▸ AIM OF THE EXERCISE:
Omit the pictures and return exactly the stretch of the material below from the line with "Утренняя зарядка на" through the line with "Teak chair, Kobtiki".

▸ EXCERPTED DATA:

◇ ◇ ◇ ◇ ◇ ◇ ◇

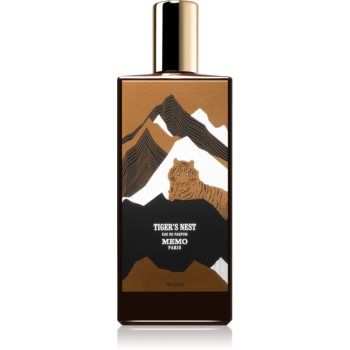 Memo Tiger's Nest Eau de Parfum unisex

◇ ◇ ◇ ◇ ◇ ◇ ◇

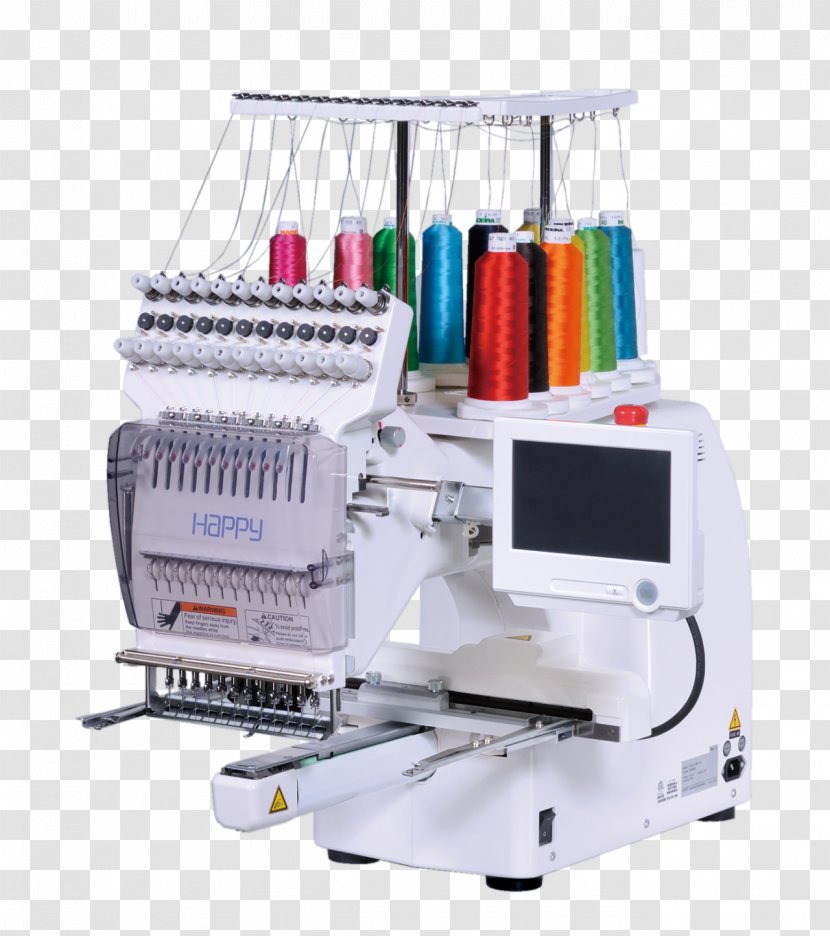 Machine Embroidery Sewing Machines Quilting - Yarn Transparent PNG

◇ ◇ ◇ ◇ ◇ ◇ ◇

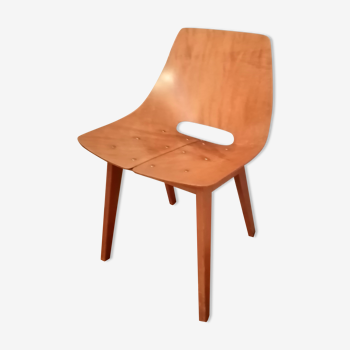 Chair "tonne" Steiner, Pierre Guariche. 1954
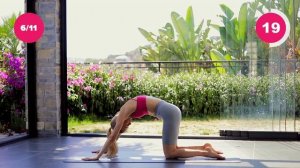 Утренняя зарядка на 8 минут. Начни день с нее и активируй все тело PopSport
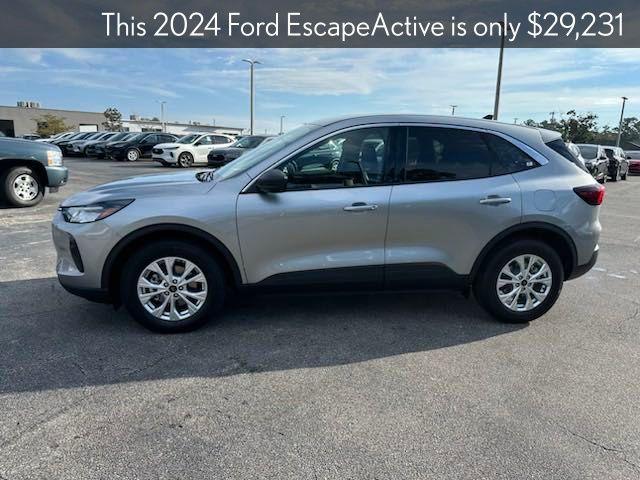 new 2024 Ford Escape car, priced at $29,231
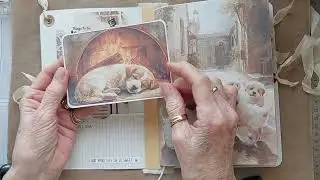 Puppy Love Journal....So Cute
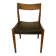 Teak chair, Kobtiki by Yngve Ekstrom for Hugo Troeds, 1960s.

◇ ◇ ◇ ◇ ◇ ◇ ◇

▸ RESPONSE TO THIS TASK:
 Утренняя зарядка на 8 минут. Начни день с нее и активируй все тело PopSport
 new 2024 Ford Escape car, priced at $29,231
 Puppy Love Journal....So Cute
 Teak chair, Kobtiki by Yngve Ekstrom for Hugo Troeds, 1960s.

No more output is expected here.